Le délai pourrait nous mener jusqu’en 2017, à un moment où les élections présidentielles en France et les élections législatives en Allemagne ralentiraient tout processus : par conséquent les Etats-membres aimeraient beaucoup avancer vite sur les négociations. Même si les Etats-membres ne peuvent pas contraindre le Royaume-Uni à notifier son intention de quitter l’UE, les Britanniques, s’ils souhaitent préserver des rapports cordiaux, devront avoir livré une forme d’annonce à l’automne.
Quoiqu’il en soit, les marchés financiers pourraient être bien plus déterminants que les politiques : comme on a pu le voir ces derniers jours, les incertitudes qui entourent le Brexit font que de nombreux investisseurs ne souhaitent pas s’exposer aux aléas d’un processus sans fin.
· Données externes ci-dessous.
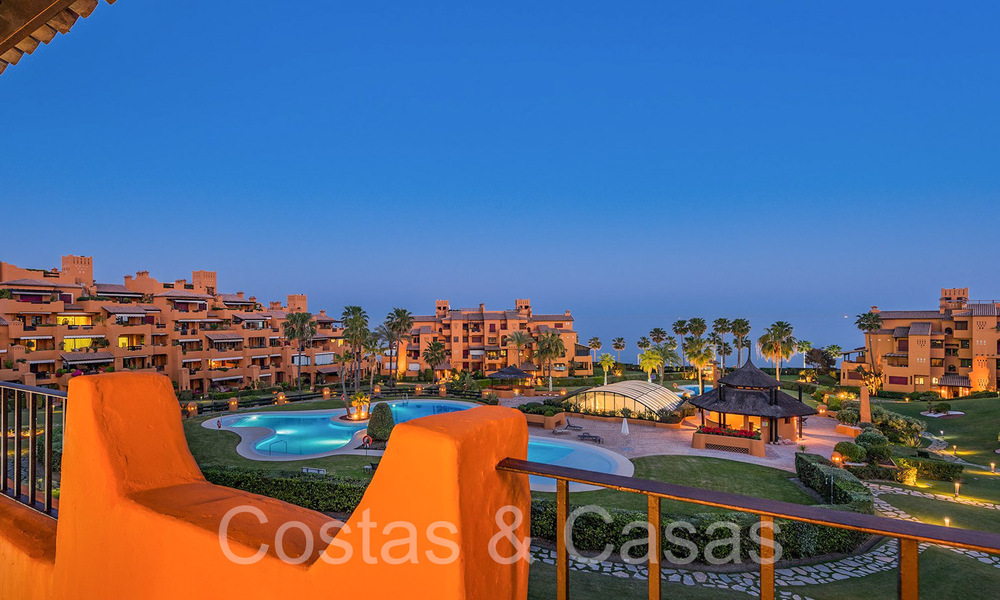 Lujoso apartamento reformado en venta en un complejo en primera línea de playa con vistas al mar en la Nueva Milla de Oro, Marbella - Estepona 67278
Tout cela pourrait préparer le terrain à une politique de revirement. Nous savons que la plupart des ministres sont pro-européens, mais le résultat du référendum va les contraindre à valider des décrets et des lois qui rendront le Retrait effectif. Quant à toutes les discussions autour d’une décision de revenir sur le Brexit, cela semble impossible sans en passer par un second référendum ou par des élections générales. Theresa May pourrait tenter de renforcer son mandat par le biais d’élections anticipées à l’automne, mais elle a été claire sur le fait que « le Brexit, c’est le Brexit », la suite logique c’est donc de voir le Royaume-Uni quitter l’Union européenne.
Simon Usherwod est doyen associé et maître de conférences au sein du département des politiques de l’Université du Surrey. Simon travaille notamment sur les questions européennes et l’euroscepticisme.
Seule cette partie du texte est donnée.